Looking here yet again we see a huge performance delta between the WD Black and all other drives, though in general these 3 drives perform quite close to one another which frankly is just par for the course. We do see some inconsistancy from the Barracuda drive, though this could be the cache causing a bit of extra latency in worst case scenario. Overall performance is just about what is to be expected.
This is a solid drive though its still quite expensive for the price, going for $439 for the 12TB model, though, those looking for even MORE storage can grab the 14TB model which is going for $657 on Amazon right now, but those looking for a bit more value might want to consider looking at the 8TB model which is almost half the price for two thirds of the storage. That being said you do get some added value with the 2 year rescue data recovery plan.

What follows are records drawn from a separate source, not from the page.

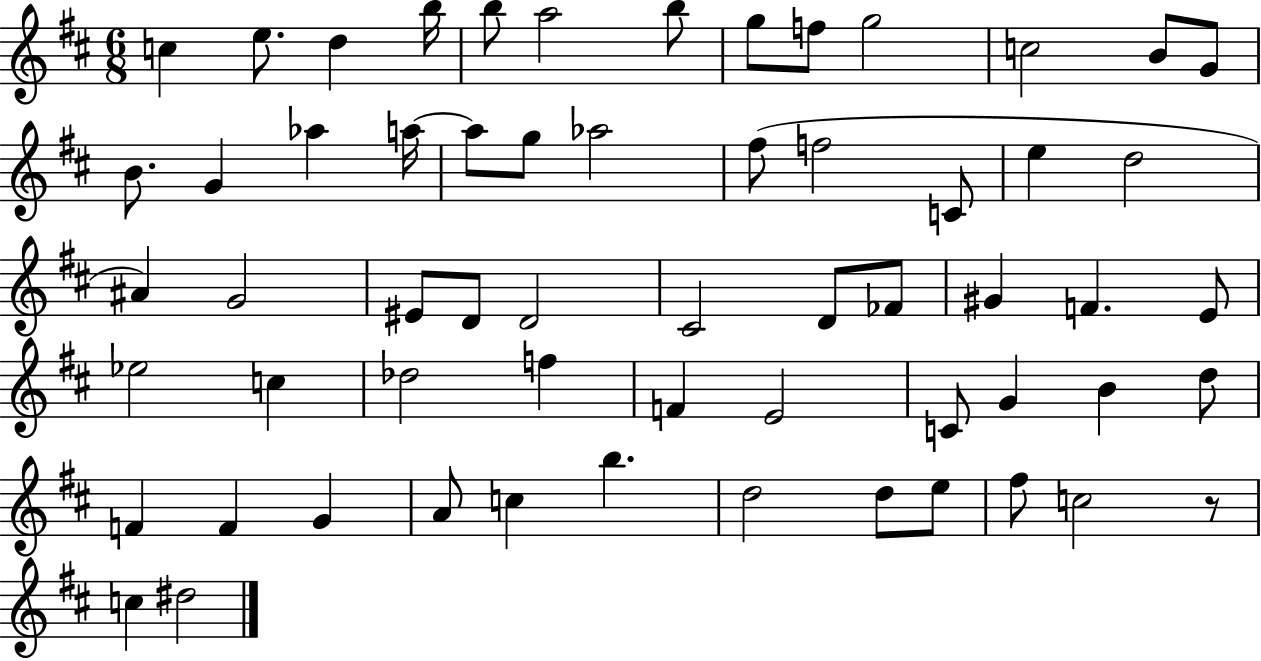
{
  \clef treble
  \numericTimeSignature
  \time 6/8
  \key d \major
  c''4 e''8. d''4 b''16 | b''8 a''2 b''8 | g''8 f''8 g''2 | c''2 b'8 g'8 | \break b'8. g'4 aes''4 a''16~~ | a''8 g''8 aes''2 | fis''8( f''2 c'8 | e''4 d''2 | \break ais'4) g'2 | eis'8 d'8 d'2 | cis'2 d'8 fes'8 | gis'4 f'4. e'8 | \break ees''2 c''4 | des''2 f''4 | f'4 e'2 | c'8 g'4 b'4 d''8 | \break f'4 f'4 g'4 | a'8 c''4 b''4. | d''2 d''8 e''8 | fis''8 c''2 r8 | \break c''4 dis''2 | \bar "|."
}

Looking at the landscape and considering what I thought before this review, not a lot has changed. This is still a great drive to use for backups, or never ever deleting games. The only comparable drive I can find is the HGST Ultrastar which is the same price, though without testing one I could not tell you if it would be any better. It also lacks their data recovery that is included.
So all in all, I think that anyone in the price bracket to afford one of these that has the severe desire to have this much storage should pick up one of these drives, or a pair and RAID, or a dozen, and never delete anything.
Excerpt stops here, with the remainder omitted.